The Fallacy of Replacing ObamaCare with Medicare-for-All

Published October 10, 2013

Now that the problems with implementing ObamaCare are becoming increasingly apparent, Progressives are touting “single payer” health insurance as a replacement for ObamaCare. 

For those who haven’t been following the debate for the past 50 years, “single payer” is what we used to call “national health insurance,” and before that “socialized medicine,” and before that “government-provided health care.” Proponents often explain single payer to lay audiences simply as Medicare-for-All. By the way, advocates of single payer, who now call themselves “progressives,” used to call themselves “liberals,” and before that “socialists,” all in the hope that continual relabeling will somehow make their ideas seem sensible.

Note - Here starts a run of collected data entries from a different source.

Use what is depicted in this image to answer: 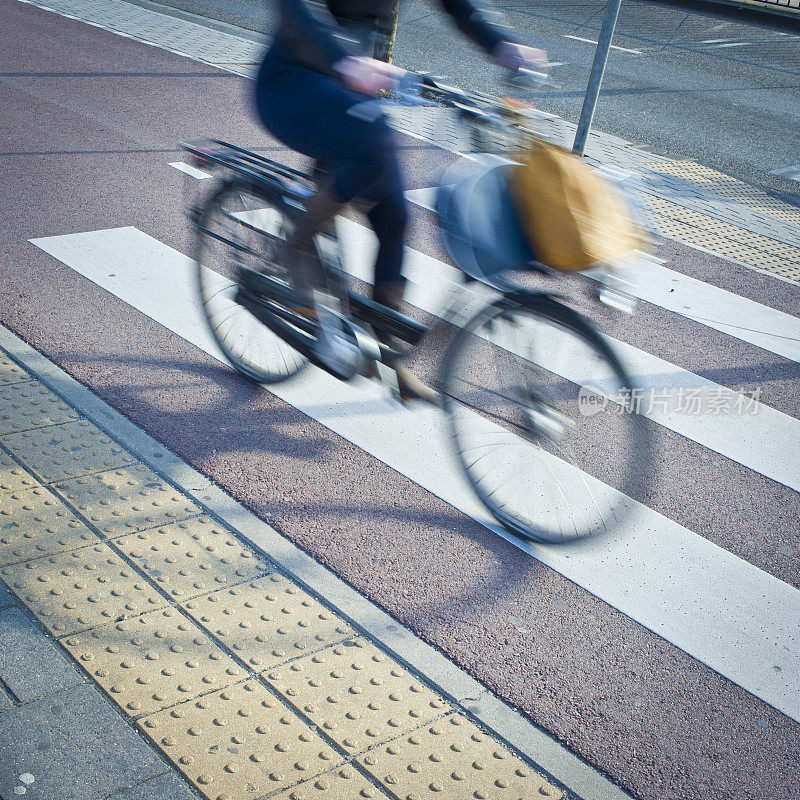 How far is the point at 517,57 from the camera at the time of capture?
11.4ft

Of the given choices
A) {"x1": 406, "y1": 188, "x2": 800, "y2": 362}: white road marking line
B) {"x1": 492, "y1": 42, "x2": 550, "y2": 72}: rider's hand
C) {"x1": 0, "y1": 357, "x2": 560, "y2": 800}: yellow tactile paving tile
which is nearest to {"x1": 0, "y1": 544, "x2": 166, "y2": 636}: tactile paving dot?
{"x1": 0, "y1": 357, "x2": 560, "y2": 800}: yellow tactile paving tile

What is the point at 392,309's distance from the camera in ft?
12.4

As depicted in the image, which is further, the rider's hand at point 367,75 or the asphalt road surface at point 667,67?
the asphalt road surface at point 667,67

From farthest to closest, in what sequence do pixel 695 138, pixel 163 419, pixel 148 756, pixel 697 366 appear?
1. pixel 695 138
2. pixel 697 366
3. pixel 163 419
4. pixel 148 756

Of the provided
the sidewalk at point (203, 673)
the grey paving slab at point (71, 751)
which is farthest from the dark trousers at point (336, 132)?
the grey paving slab at point (71, 751)

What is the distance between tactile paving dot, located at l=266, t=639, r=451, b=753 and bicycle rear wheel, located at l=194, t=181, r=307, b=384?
1716 millimetres

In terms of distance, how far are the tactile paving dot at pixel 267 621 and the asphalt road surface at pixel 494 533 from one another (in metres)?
0.24

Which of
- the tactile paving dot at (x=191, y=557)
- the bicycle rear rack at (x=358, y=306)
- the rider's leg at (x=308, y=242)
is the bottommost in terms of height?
the tactile paving dot at (x=191, y=557)

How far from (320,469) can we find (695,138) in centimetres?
800

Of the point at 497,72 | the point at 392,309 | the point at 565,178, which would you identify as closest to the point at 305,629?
the point at 392,309

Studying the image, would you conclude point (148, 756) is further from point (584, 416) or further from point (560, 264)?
point (584, 416)

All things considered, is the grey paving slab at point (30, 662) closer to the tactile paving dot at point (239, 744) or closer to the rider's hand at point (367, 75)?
the tactile paving dot at point (239, 744)

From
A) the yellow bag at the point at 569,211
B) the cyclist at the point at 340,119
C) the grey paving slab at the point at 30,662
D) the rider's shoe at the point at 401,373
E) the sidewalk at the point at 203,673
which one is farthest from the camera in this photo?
the rider's shoe at the point at 401,373

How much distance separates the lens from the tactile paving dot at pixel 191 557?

Managed by For-Profit Firms

Labels aside, the problem is that people on the left are so obsessed with “public” rather than “private” and “nonprofit” rather than “for-profit” they become oblivious to basic facts:

  • Most government health care programs are mainly managed by private companies—for-profit companies more often than not.
  • One in four Medicare enrollees is actually in a private insurance plan, and almost all the rest of Medicare is being managed by private companies (Blue Cross, Cigna, etc.)
  • Nearly 70 percent of Medicaid enrollees are in private plans—a number that is expected to grow.

Moreover, moving everyone into Medicare would not solve the looming problems caused by ObamaCare. Just consider the following.

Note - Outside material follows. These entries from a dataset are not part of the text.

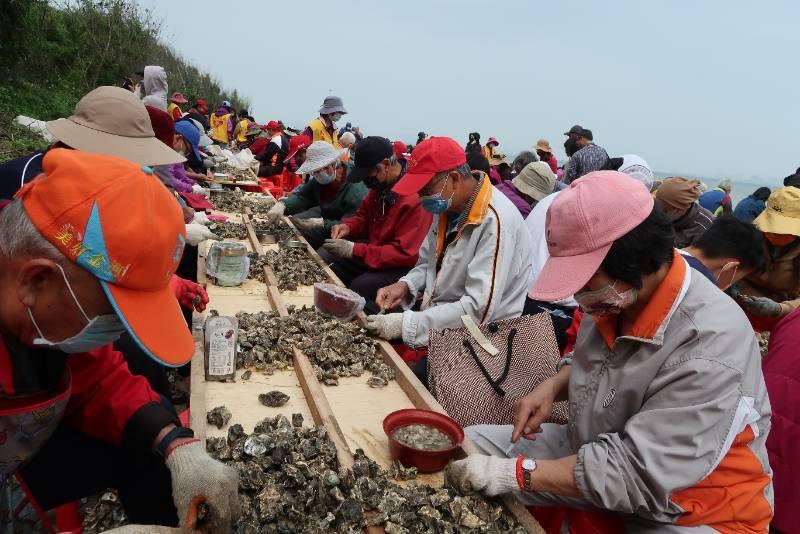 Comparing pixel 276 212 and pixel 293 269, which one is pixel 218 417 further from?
pixel 276 212

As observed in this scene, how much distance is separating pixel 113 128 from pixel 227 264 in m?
1.46

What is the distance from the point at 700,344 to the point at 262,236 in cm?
539

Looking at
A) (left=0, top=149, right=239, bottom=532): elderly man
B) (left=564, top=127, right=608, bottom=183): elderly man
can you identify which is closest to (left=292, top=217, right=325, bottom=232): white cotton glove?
(left=564, top=127, right=608, bottom=183): elderly man

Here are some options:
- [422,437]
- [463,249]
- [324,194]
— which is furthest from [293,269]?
[422,437]

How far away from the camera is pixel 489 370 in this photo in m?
3.30

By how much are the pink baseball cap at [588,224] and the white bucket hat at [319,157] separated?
4958 mm

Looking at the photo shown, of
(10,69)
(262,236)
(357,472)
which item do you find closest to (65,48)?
(10,69)

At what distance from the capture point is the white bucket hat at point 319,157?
267 inches

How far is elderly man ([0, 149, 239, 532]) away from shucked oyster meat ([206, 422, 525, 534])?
0.19m

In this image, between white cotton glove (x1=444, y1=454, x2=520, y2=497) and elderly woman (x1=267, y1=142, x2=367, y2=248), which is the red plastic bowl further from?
elderly woman (x1=267, y1=142, x2=367, y2=248)

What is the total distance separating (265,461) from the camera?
2.28m

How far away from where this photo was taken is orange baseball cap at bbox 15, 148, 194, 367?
1.45 meters

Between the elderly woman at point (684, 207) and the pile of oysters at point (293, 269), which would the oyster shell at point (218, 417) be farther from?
the elderly woman at point (684, 207)

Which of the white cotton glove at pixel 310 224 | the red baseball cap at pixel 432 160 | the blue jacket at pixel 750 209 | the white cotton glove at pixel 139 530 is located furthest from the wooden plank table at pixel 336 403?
the blue jacket at pixel 750 209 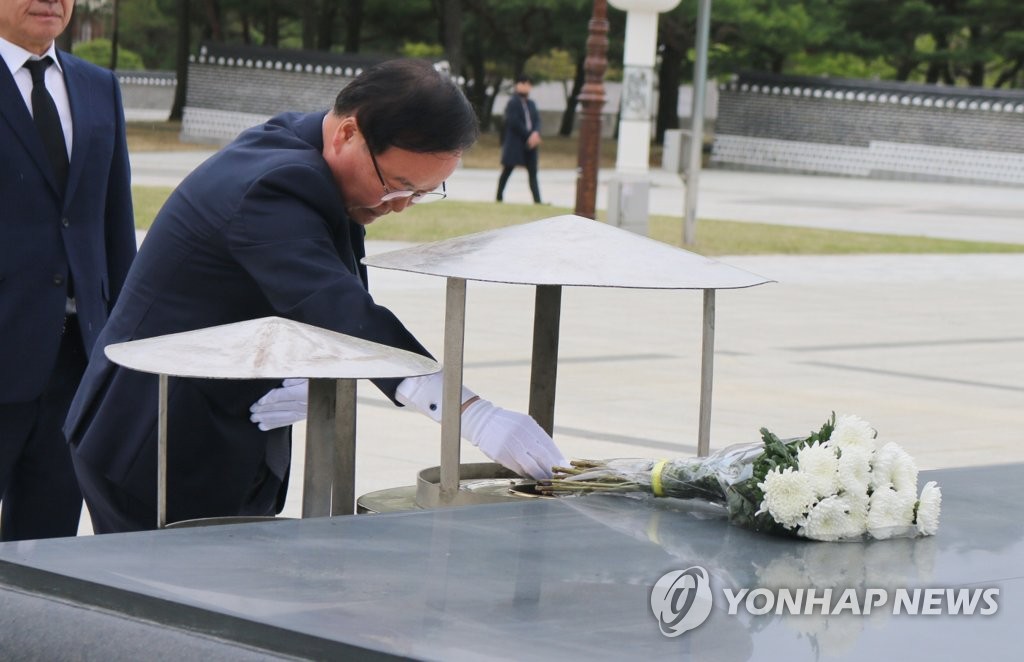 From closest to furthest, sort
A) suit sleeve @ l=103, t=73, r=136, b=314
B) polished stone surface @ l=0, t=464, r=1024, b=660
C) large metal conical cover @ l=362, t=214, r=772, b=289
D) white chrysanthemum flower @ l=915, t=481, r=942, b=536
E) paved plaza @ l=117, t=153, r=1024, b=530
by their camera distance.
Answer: polished stone surface @ l=0, t=464, r=1024, b=660
white chrysanthemum flower @ l=915, t=481, r=942, b=536
large metal conical cover @ l=362, t=214, r=772, b=289
suit sleeve @ l=103, t=73, r=136, b=314
paved plaza @ l=117, t=153, r=1024, b=530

Paying for Medicare-for-All

A while back, the National Center for Policy Analysis calculated we could pay for national health insurance with a 15% VAT tax. But if it were easy to impose such a tax, the Democrats would have financed ObamaCare that way. Bottom line: the easiest way to fund Medicare-for-All is the same way we are funding ObamaCare.

Individual Mandate

For the very same reasons that ObamaCare made insurance mandatory, Medicare-for-All would also have to be compulsory. Otherwise, people would only join when they are sick. To make the budget balance, people would have to pay a premium that, on the average, equals the expected cost of their care. Just like ObamaCare, there would have to be subsidies for lower-income families. The healthy would be overcharged, and the sick would be undercharged. Incentives to game the system would be monumentally destructive without a mandate.

Employer Mandate

For people at work, there would be enormous pressure to pretend employers pay for fringe benefits rather than workers themselves. Employers thus would have to buy their employees into Medicare. That would raise the issue of exempting small business, exempting part-time workers, etc.  

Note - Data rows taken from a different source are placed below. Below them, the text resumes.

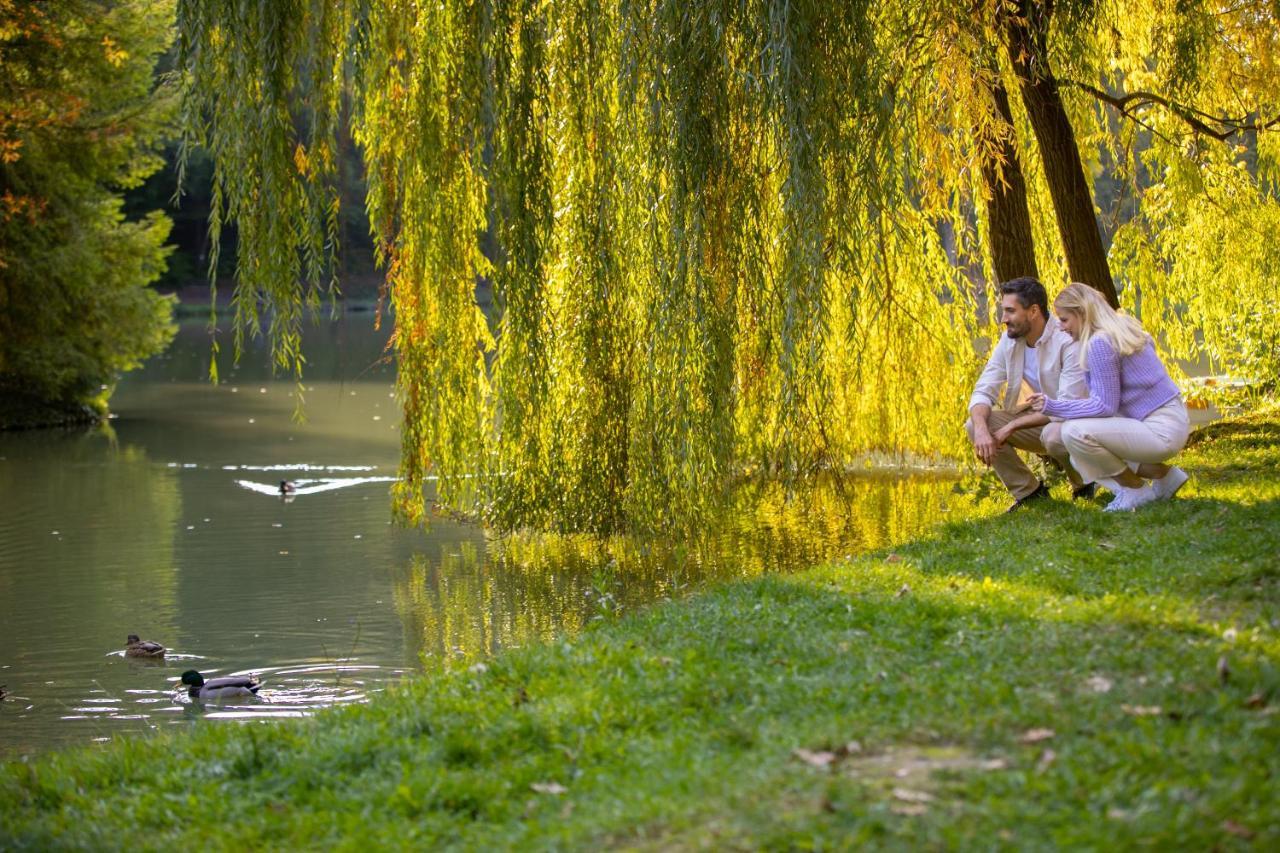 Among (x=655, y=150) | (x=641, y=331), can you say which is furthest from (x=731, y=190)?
(x=641, y=331)

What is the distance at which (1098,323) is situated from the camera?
6.96 m

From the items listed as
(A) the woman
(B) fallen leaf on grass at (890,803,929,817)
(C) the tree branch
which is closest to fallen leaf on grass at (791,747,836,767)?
(B) fallen leaf on grass at (890,803,929,817)

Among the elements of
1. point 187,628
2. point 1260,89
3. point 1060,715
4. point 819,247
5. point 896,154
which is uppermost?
point 1260,89

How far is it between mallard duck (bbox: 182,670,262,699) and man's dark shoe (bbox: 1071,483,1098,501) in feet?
15.5

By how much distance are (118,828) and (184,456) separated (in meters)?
15.2

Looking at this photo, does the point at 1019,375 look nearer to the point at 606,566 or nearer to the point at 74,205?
the point at 606,566

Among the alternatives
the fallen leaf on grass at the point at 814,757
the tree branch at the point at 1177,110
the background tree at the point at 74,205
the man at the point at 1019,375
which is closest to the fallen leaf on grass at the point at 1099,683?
the fallen leaf on grass at the point at 814,757

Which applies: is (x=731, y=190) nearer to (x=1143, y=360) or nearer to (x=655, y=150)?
(x=655, y=150)

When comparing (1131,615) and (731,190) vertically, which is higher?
(731,190)

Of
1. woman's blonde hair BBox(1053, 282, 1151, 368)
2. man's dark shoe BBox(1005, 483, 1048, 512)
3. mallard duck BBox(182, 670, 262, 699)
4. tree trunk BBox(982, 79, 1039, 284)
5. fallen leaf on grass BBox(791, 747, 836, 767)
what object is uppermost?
tree trunk BBox(982, 79, 1039, 284)

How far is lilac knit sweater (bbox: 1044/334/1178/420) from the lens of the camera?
678cm

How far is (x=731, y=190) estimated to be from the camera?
7.36m

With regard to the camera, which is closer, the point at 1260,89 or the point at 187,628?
the point at 187,628

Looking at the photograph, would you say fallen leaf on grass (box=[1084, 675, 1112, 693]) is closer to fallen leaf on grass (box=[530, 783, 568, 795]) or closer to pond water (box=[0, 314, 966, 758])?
fallen leaf on grass (box=[530, 783, 568, 795])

Cuts in Medicare Provider Fees

Almost half the funding for ObamaCare comes from reduced spending on current Medicare beneficiaries. Forget for the moment that there would not be enough doctors willing to treat patients for the paltry fees under a Medicare-for-All scheme. Since the money will still be needed, these benefit cuts will not go away.

New Taxes

ObamaCare taxes everything from tanning salons to pacemakers to wheelchairs and crutches. Obviously, these taxes wouldn’t go away.

Managed Care

Doctors on the left hate managed care every bit as much as doctors on the right. The problem is that current third-party payment practices give everyone perverse incentives; and when they act on those incentives they make costs higher, quality lower, and access to care more difficult. The Obama administration is experimenting with Accountable Care Organizations and other reforms to deal with this problem, but nothing the administration is doing is working. Even under Medicare-for-All, we can’t change the rate of growth of health care spending unless we change the way providers are paid.

The Exchanges

What the left hates the most about ObamaCare is the idea of competition. That’s because of their fundamental dislike of the economic model of medical care delivery. The left dislikes the exchanges because they dislike the idea of competition. But for reasons given above, we have no alternative to the economic model if we want to control costs.

No Problems Solved

Moving everyone into Medicare would not solve a single problem of any importance we started with in ObamaCare. Indeed, we would likely encounter additional problems along the way.